Thankfully I have still have a Paper Ink Arts plastic pouch that is filled with pre-cut papers. As a traveling teacher, I never really unpack. I keep pre-cut papers avaiable to pack quickly.
It just saves so much prep time. This little bundle was cut down from the large sheets of the old Arches 300 gm Hot Press Paper and old stock of Fabriano Artistico paper.I know both are old stock because the Arches is over 10 years old and the Fabriano is over 3 years old. Sadly, both of these papers have gone through changes which affect us as lettering artists. The changes in the paper led me to purchasing the Botanical Utlta Smooth paper. This FatPad was purchased through Ken Bromley Art Supplies in the UK.

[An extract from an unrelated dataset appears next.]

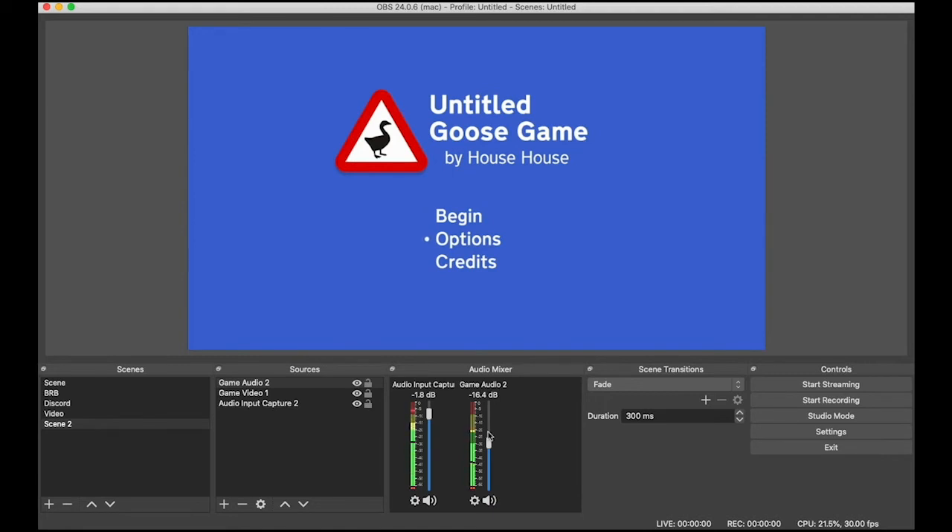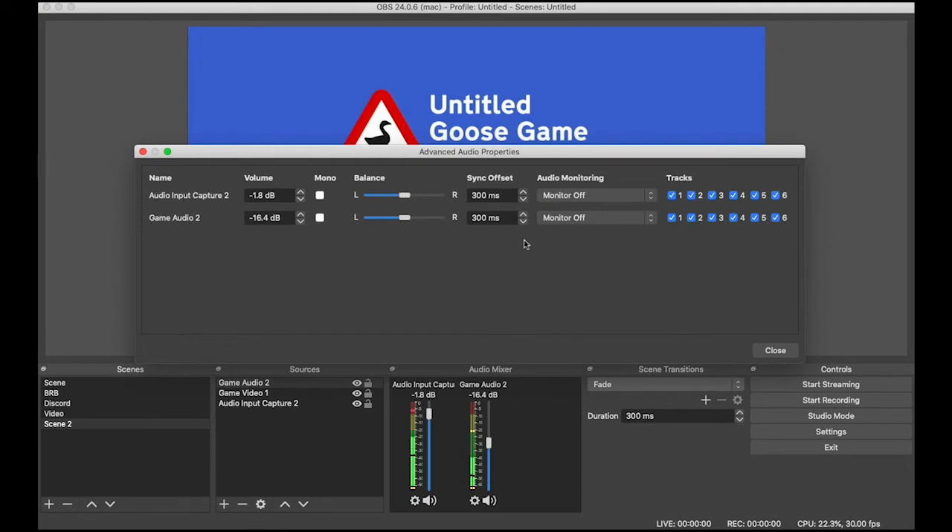If it doesn't sync up, just go back in, do the process again: cog, advanced audio properties, and then switch your sync offset. The higher the number, the more offset it's going to be.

I had three letters to prepare, and took the opportunity to test all three papers. I was quite suprised at the differences in them. I used the same colours in each of them as well as the same ink, nib, gold leaf and giding medium. Only one brush was used for all of the painting in the letters. The Isabey 6229 Cat's Tongue Brush.
This is my favourite brush for tight and precise work that is needed in The Enchanted Letters. The Botanical paper is 50% cotton watercolour paper and has optical brighteners in it. So it is very white. Also very smooth as the name suggests. It performs similary to a smooth finish Bristol paper in my opinion. I call these "fast papers." You can get quite a tight pointed pen line on the paper, but watercolour effects spread quickly and need to be controlled by using much less water. I was not happy with how the watercolour performed on this paper even though I use a dry brush technique. You have to be really careful with water on this paper. But it gilds beautifully and the real star of this paper is how Finetec Gold watercolour performs. I used a Gillott 404 nib for this piece, and the Finetec gold sits on the surface of the paper. The gold watercolour looks and feels raised. A great effect for the final touch if you can plod through the difficulty of using the paper with watercolour.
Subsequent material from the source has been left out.